Rallio
Strava for tennis. Record your matches and practice, then see the analytics behind your game.
- Role
- Solo build. Product direction and engineering.
- Type
- Mobile app · social
- Status
- In development, releasing soon
01
The problem
In 2026 I started taking tennis seriously, and I wanted what Strava gives runners: a way to track progress over time and share the journey. But I couldn't find anything that let me log my matches and practice sessions the way I wanted, and the part I wanted most was analytics, especially from video.
So I started building Rallio: a mobile app where players record their matches and sessions, get real analytics on how they are playing, and share that progress through a social layer.
02
Record and share
The feed is the social layer. You log a match, it becomes a result you can share, and you can follow other players, find courts, and build a history over time.
This is the part inspired by Strava: progress that is social by default, not a private logbook.

03
Analytics from the footage
Each match has an overview, a shot map, the recording, and notes. The footage is the source of truth, so a match turns into insight instead of just a memory.

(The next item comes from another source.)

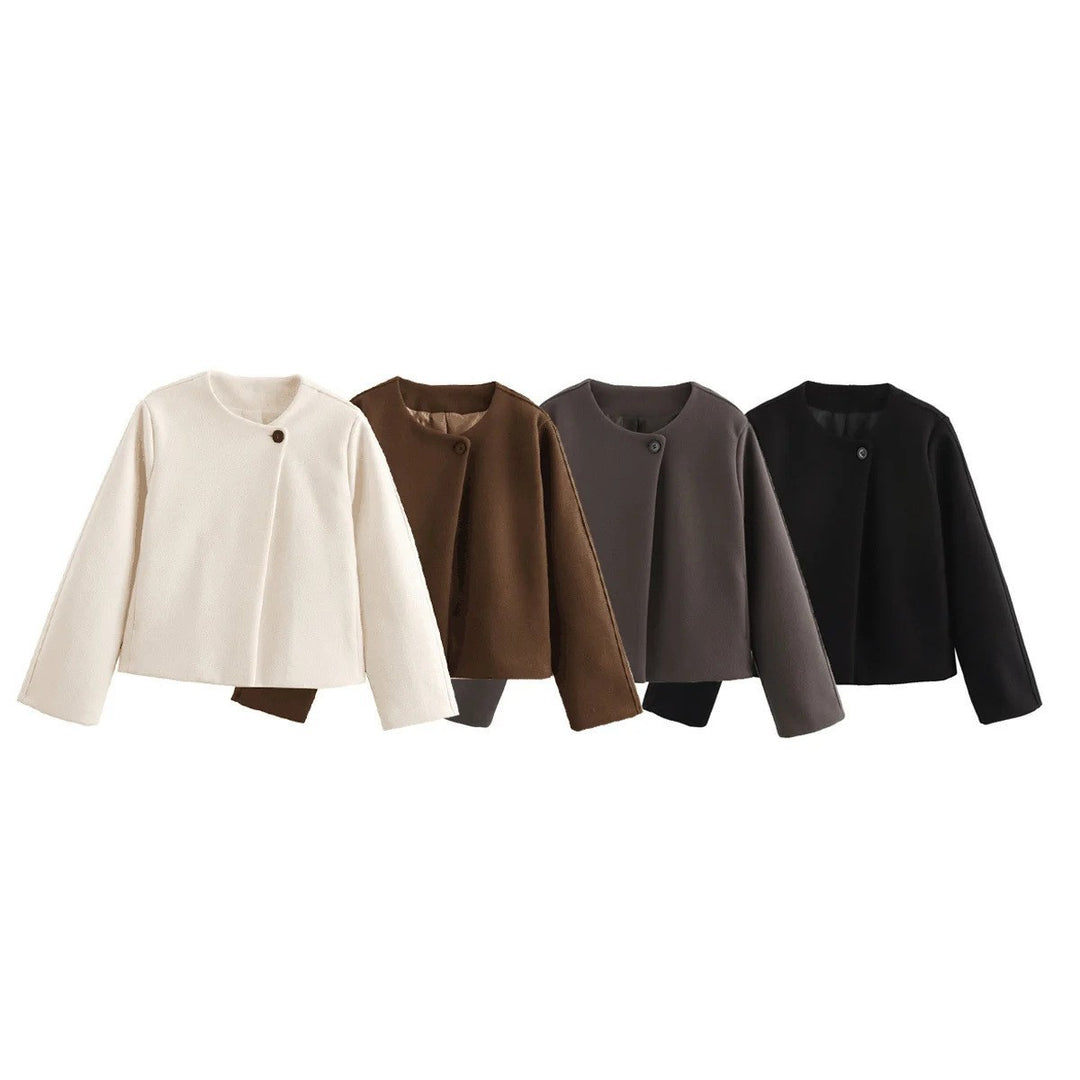 Damen elegante Kurzjacke im minimalistischen Design mit praktischem Knopf Drune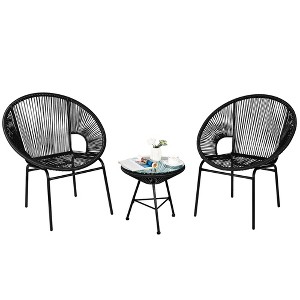 Costway 3PCS Patio Acapulco Furniture Bistro Set Plastic Rope Glass Table Black/Gray/Turquoise/White - 1 of 4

Getting there meant going deep on video: detecting events in match footage and turning raw recordings into something the app can actually reason about.

04
What I learned
Most of the lessons came from outside the product. I got hands-on with machine learning: training and labeling data, and working frame by frame through match footage to make the analysis accurate.
Alongside that, I learned what it really takes to build a consumer social app people would want to use, not just a tracker for myself.